Take the lines from the one with "BERNESS Women's Rhinestone" through the end of the material below and repeat them exactly, dropping every picture.

» **RECORDS SHOWN**
--- --- ---
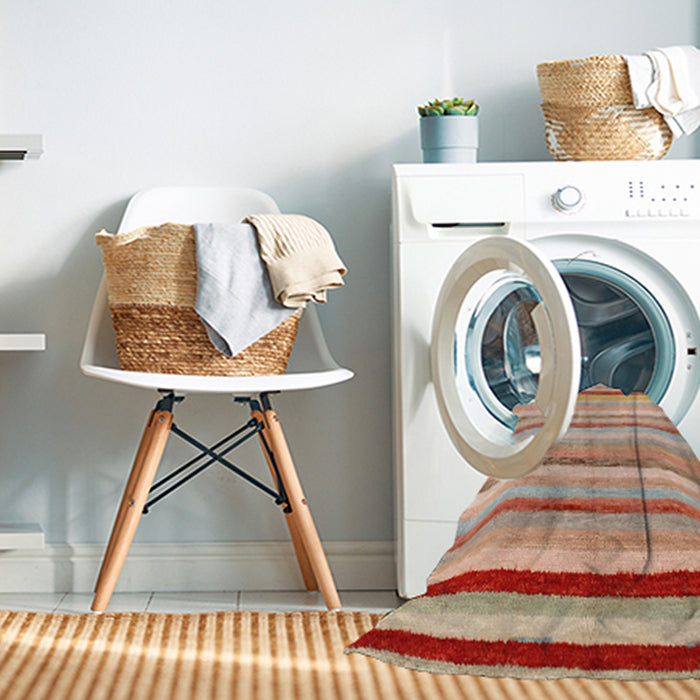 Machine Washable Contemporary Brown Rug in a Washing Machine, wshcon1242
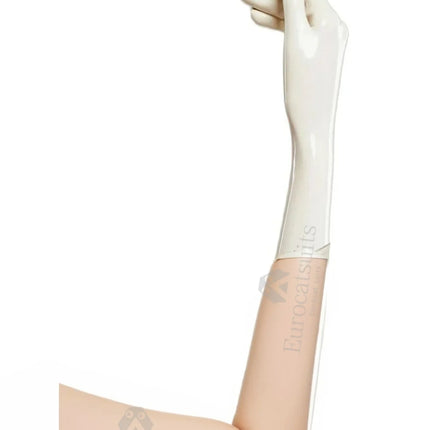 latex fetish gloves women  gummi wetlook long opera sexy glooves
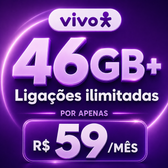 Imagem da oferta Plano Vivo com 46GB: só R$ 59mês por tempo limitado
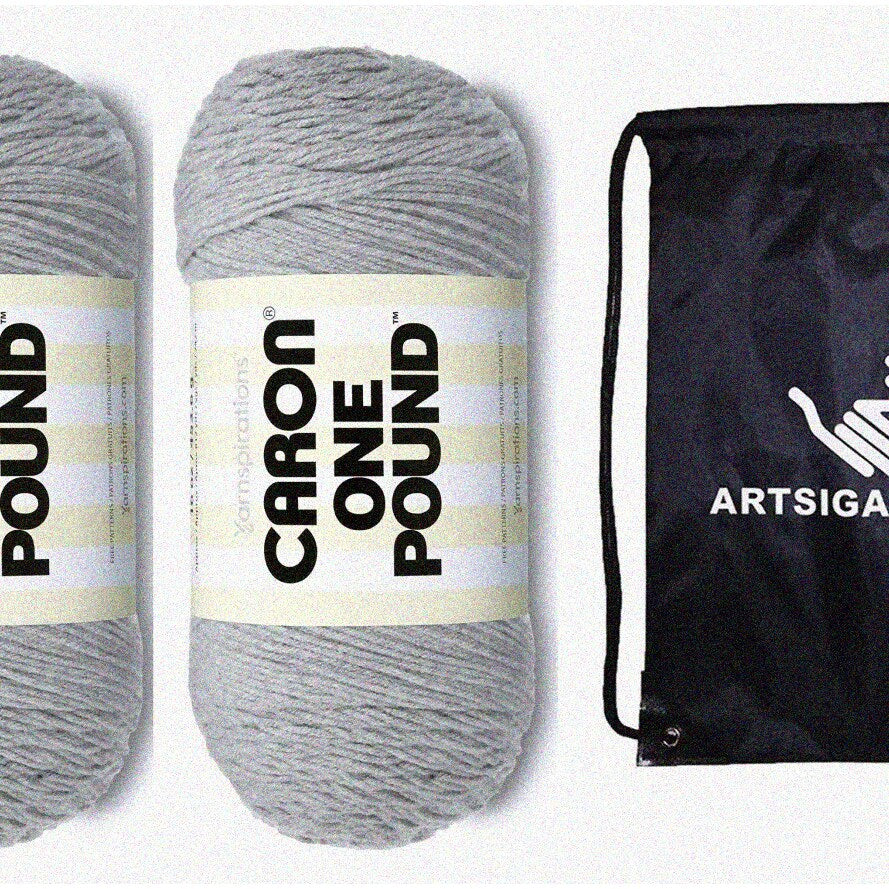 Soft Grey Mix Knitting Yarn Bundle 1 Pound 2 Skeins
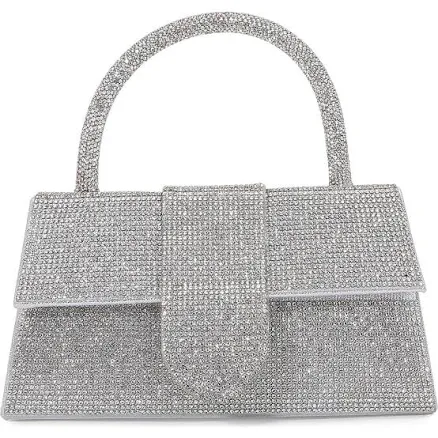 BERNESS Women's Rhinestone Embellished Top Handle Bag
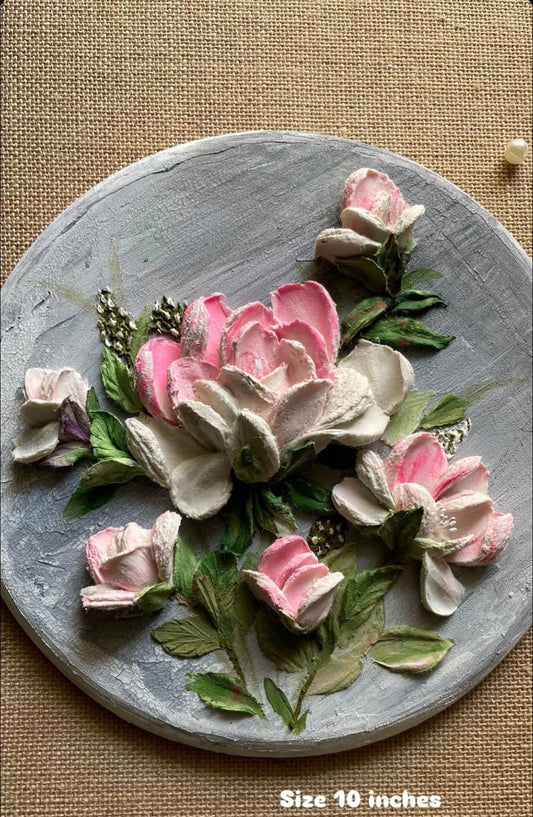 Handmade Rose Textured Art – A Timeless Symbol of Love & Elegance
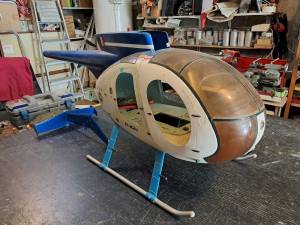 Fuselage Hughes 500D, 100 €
--- --- ---
» **RESULT**
 BERNESS Women's Rhinestone Embellished Top Handle Bag
 Handmade Rose Textured Art – A Timeless Symbol of Love & Elegance
 Fuselage Hughes 500D, 100 €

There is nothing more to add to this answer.